Scientific classification
Termites are insects in the Animal kingdom, which is divided into Phyla, a section of which is Arthropoda, a section of which is Insecta which is then split into Orders, one of which is Isoptera (termites) then we get to the Genus and then the species and then the variants (sub-species). The plural of genus is genera. When in print, the latin names of the Genus and species are set in italics with a capital for the first letter of the Genus name and no capital on the species name. When the species is referred to again, it is shown with the capital letter only of the Genus, dot, then the species name. examples: Coptotermes acinaciformis repeated as C.acinaciformis.
Species
See Scientific classification
Subterranean termites
They begin their colony in wood in the ground from which they derive three of their necessities: security, food and a constant source of moisture to humidify their nest.
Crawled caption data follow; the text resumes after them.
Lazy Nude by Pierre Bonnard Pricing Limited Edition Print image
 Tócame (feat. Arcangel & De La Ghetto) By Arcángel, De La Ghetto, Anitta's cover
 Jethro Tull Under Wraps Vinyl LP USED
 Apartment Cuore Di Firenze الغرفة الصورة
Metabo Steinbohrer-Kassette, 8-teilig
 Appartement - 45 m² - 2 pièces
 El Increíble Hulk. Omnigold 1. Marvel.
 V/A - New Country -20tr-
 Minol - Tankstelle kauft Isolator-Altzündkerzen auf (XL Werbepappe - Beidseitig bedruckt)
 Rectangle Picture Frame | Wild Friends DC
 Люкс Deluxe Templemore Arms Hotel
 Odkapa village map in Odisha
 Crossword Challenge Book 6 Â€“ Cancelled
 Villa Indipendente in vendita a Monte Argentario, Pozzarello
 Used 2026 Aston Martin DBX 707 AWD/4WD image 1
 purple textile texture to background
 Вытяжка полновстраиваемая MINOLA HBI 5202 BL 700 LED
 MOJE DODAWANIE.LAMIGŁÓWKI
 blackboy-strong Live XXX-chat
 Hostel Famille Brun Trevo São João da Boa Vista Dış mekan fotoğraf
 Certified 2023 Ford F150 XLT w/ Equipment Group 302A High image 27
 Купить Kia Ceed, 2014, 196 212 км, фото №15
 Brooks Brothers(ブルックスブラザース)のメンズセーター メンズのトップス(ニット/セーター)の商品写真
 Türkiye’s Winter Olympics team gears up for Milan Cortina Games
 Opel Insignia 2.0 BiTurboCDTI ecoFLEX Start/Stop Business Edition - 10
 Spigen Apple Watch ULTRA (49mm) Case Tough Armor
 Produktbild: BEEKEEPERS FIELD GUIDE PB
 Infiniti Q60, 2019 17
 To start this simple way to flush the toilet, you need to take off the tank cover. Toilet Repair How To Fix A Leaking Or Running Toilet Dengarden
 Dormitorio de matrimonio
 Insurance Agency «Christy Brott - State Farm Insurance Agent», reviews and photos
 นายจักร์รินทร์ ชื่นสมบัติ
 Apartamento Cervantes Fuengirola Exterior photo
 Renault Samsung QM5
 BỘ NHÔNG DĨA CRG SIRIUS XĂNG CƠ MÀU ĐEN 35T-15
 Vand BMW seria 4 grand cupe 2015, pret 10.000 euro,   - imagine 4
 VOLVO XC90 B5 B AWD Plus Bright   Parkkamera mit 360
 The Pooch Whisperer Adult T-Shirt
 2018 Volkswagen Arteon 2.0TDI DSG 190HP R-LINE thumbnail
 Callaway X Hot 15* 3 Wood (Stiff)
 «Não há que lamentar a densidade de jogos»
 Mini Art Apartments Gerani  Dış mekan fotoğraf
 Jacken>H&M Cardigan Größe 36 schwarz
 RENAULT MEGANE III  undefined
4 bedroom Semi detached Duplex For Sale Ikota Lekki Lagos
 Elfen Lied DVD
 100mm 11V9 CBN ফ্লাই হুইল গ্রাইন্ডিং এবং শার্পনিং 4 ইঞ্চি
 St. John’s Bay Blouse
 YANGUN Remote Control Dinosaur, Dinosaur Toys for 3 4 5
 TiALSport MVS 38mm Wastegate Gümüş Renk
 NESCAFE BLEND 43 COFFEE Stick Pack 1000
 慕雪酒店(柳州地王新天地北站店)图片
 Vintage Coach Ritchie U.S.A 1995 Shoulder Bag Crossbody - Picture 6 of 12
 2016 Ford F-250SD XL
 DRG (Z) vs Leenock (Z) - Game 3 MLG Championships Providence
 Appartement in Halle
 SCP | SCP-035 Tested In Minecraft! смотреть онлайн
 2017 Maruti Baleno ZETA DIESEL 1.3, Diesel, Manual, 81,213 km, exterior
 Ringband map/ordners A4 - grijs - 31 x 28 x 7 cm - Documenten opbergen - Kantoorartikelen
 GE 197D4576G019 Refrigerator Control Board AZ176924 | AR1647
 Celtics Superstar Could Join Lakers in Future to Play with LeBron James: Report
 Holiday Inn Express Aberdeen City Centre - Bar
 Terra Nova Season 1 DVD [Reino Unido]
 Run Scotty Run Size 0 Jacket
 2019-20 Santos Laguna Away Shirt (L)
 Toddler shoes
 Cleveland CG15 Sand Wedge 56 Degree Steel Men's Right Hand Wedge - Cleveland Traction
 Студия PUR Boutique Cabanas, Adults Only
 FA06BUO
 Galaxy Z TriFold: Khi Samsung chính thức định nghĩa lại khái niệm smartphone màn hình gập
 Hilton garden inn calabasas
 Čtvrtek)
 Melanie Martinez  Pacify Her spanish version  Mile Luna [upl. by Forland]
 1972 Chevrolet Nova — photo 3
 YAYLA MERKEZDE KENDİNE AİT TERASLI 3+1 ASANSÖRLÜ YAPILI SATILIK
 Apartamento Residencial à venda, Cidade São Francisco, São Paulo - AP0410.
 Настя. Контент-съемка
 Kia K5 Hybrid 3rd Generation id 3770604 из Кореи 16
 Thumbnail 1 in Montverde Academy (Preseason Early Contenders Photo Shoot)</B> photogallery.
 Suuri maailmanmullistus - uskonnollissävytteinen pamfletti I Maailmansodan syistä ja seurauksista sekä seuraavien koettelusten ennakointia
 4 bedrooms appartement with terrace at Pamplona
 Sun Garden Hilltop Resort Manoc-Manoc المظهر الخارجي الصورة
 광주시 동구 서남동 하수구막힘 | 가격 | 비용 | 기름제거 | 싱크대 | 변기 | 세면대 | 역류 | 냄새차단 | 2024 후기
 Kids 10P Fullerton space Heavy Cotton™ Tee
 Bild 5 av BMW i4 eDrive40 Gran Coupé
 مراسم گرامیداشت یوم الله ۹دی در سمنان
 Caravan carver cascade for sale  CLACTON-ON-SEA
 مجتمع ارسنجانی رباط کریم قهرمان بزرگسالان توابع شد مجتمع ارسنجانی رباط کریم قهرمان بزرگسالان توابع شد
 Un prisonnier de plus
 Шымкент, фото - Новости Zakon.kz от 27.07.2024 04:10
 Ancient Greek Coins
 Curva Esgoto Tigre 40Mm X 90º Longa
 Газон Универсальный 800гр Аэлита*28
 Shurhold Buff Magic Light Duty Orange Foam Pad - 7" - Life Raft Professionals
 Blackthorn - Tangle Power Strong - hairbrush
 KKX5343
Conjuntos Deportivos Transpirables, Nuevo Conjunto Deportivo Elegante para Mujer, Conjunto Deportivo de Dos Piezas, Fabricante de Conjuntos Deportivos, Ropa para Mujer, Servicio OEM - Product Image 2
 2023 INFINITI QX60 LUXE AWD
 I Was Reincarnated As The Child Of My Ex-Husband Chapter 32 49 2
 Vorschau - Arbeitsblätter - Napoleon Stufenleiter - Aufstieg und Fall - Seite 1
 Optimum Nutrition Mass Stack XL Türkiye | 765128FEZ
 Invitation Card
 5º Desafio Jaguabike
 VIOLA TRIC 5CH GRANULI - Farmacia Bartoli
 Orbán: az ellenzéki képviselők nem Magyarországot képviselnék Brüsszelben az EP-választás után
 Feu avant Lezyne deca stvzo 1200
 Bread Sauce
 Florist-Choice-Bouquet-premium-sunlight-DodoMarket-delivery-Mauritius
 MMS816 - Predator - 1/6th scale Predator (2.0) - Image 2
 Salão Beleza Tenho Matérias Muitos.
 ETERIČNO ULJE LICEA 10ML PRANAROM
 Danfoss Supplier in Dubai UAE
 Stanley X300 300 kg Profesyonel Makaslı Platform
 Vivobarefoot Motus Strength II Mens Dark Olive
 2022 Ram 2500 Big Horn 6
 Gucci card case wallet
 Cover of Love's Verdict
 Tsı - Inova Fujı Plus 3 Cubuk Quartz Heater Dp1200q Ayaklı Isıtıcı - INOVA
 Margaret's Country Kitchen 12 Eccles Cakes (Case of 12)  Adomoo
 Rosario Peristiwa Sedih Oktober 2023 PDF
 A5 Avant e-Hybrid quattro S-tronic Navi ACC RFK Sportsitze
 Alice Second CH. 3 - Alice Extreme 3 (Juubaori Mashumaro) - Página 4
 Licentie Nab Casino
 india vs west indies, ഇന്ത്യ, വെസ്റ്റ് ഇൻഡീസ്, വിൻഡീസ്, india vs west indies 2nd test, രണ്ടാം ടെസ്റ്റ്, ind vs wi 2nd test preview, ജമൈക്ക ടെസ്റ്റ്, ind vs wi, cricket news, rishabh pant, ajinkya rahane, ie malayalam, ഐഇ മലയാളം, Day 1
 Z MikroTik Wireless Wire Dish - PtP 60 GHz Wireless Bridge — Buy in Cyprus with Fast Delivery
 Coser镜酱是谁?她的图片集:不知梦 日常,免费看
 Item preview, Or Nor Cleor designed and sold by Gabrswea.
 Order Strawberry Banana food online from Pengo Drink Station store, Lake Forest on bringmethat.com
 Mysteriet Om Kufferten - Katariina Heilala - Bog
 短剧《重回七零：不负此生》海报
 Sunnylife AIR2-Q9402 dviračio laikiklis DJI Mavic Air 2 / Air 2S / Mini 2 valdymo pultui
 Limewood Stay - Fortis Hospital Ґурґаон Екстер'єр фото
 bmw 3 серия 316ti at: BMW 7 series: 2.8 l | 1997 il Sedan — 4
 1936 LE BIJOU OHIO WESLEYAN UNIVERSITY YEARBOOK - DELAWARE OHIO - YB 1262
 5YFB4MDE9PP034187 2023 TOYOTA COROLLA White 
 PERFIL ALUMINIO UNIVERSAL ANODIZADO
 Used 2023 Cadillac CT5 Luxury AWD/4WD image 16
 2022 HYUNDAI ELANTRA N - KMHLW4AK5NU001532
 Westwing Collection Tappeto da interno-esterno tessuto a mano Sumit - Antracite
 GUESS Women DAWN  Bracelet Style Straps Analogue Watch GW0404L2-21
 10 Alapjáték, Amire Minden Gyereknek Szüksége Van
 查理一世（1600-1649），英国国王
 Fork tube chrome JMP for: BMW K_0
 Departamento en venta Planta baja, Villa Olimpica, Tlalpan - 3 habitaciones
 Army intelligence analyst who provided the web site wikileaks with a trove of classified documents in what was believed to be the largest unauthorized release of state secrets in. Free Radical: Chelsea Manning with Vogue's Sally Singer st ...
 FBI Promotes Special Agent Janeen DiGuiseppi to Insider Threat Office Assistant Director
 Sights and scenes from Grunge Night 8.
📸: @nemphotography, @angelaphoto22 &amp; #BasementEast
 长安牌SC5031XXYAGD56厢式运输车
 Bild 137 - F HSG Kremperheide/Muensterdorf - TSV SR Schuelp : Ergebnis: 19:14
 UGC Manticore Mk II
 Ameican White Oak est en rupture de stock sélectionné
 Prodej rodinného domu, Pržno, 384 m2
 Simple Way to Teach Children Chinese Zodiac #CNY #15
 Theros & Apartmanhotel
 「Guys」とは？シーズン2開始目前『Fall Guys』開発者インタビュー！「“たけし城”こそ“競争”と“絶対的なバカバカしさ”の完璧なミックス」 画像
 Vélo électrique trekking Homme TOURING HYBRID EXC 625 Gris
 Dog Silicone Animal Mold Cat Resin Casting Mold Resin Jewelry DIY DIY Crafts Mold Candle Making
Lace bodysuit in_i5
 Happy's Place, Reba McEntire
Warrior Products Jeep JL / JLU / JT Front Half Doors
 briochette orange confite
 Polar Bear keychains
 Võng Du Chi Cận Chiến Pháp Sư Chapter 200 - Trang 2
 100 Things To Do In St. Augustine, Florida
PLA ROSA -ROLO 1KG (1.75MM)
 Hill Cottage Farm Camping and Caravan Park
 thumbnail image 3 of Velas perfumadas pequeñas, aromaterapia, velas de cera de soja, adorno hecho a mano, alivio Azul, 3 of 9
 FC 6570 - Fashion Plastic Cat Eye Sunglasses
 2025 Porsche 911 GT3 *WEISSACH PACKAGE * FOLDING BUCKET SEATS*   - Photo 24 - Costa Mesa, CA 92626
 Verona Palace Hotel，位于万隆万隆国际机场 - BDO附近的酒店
Whenever they leave the soil to find other food sources, they construct ‘mud’tunnels and use the same ‘mud’to block openings such as cracks and splits into where they are eating. Subterranean termites may build mounds, begin their colony in the base of a tree, or having begun in a small piece of wood in soil, construct their nest entirely below soil level from which they radiate in many directions to additional food sources.
Swarming
Most pest termites swarm in early summer when the temperature and humidity inside the colony is more closely matched by the outside warm and humid conditions. Depending on where you live, these colonising flights take place from October to early December. The big event is usually early evening after rain when the warmth and humidity is high and there is little or no wind. If you see flying termites and you are sure you won’t be the victim of lightning, get a powerful torch and wander around to see if you can find where they are emerging from. Their nest will be close by.
Termite scouts
Most termite colonies begin with just the royals finding their three necessities: food, moisture and security. The initial food source may be quite small and before it is totally consumed, scouts are sent out, above ground to find a new food source. Amazing stories of distances and difficulties conquered are told when pest professionals get together. Scouts leave pheromone markers on the way back to the nearest part of the current workings and, maybe after a committee evaluation meeting, a construction team is allocated the responsibility of making a secure tunnel to the new food —usually in reasonably direct line.
Tunnels
See ‘mud’ and ‘subterranean termites’.